Indiana Lawyer on Facebook

facebook
ADVERTISEMENT
Subscribe to Indiana Lawyer
  1. I was wondering about the 6 million put aside for common attorney fees?does that mean that if you are a plaintiff your attorney fees will be partially covered?

  2. My situation was hopeless me and my husband was on the verge of divorce. I was in a awful state and felt that I was not able to cope with life any longer. I found out about this great spell caster drlawrencespelltemple@hotmail.com and tried him. Well, he did return and now we are doing well again, more than ever before. Thank you so much Drlawrencespelltemple@hotmail.comi will forever be grateful to you Drlawrencespelltemple@hotmail.com

  3. I expressed my thought in the title, long as it was. I am shocked that there is ever immunity from accountability for ANY Government agency. That appears to violate every principle in the US Constitution, which exists to limit Government power and to ensure Government accountability. I don't know how many cases of legitimate child abuse exist, but in the few cases in which I knew the people involved, in every example an anonymous caller used DCS as their personal weapon to strike at innocent people over trivial disagreements that had no connection with any facts. Given that the system is vulnerable to abuse, and given the extreme harm any action by DCS causes to families, I would assume any degree of failure to comply with the smallest infraction of personal rights would result in mandatory review. Even one day of parent-child separation in the absence of reasonable cause for a felony arrest should result in severe penalties to those involved in the action. It appears to me, that like all bureaucracies, DCS is prone to interpret every case as legitimate. This is not an accusation against DCS. It is a statement about the nature of bureaucracies, and the need for ADDED scrutiny of all bureaucratic actions. Frankly, I question the constitutionality of bureaucracies in general, because their power is delegated, and therefore unaccountable. No Government action can be unaccountable if we want to avoid its eventual degeneration into irrelevance and lawlessness, and the law of the jungle. Our Constitution is the source of all Government power, and it is the contract that legitimizes all Government power. To the extent that its various protections against intrusion are set aside, so is the power afforded by that contract. Eventually overstepping the limits of power eliminates that power, as a law of nature. Even total tyranny eventually crumbles to nothing.
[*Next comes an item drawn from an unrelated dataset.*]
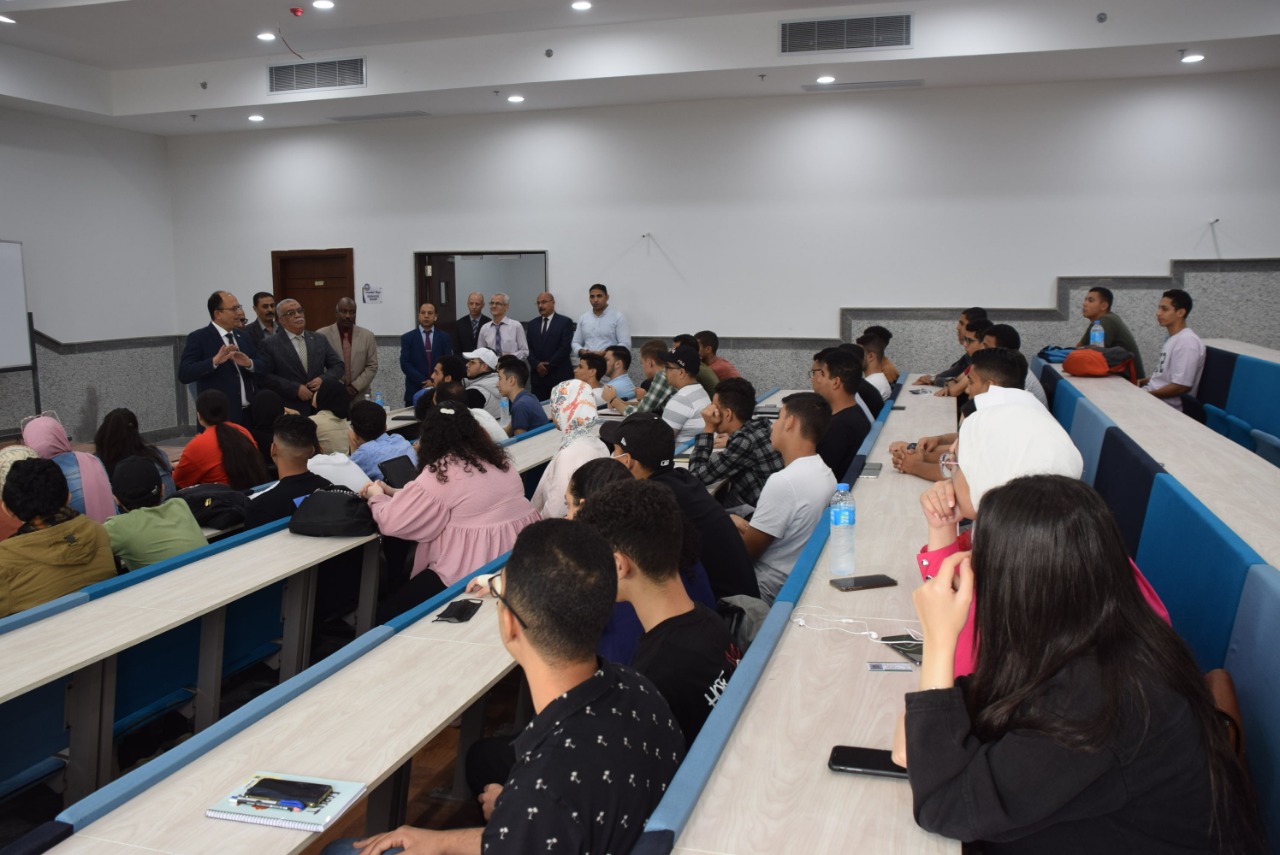 رئيس جامعة حلوان يتابع انتظام سير العملية التعليمية والدراسة بالجامعة الأهلية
  4. Being dedicated to a genre keeps it alive until the masses catch up to the "trend." Kent and Bill are keepin' it LIVE!! Thank you gentlemen..you know your JAZZ.

  5. Hemp has very little THC which is needed to kill cancer cells! Growing cannabis plants for THC inside a hemp field will not work...where is the fear? From not really knowing about Cannabis and Hemp or just not listening to the people teaching you through testimonies and packets of info over the last few years! Wake up Hoosier law makers!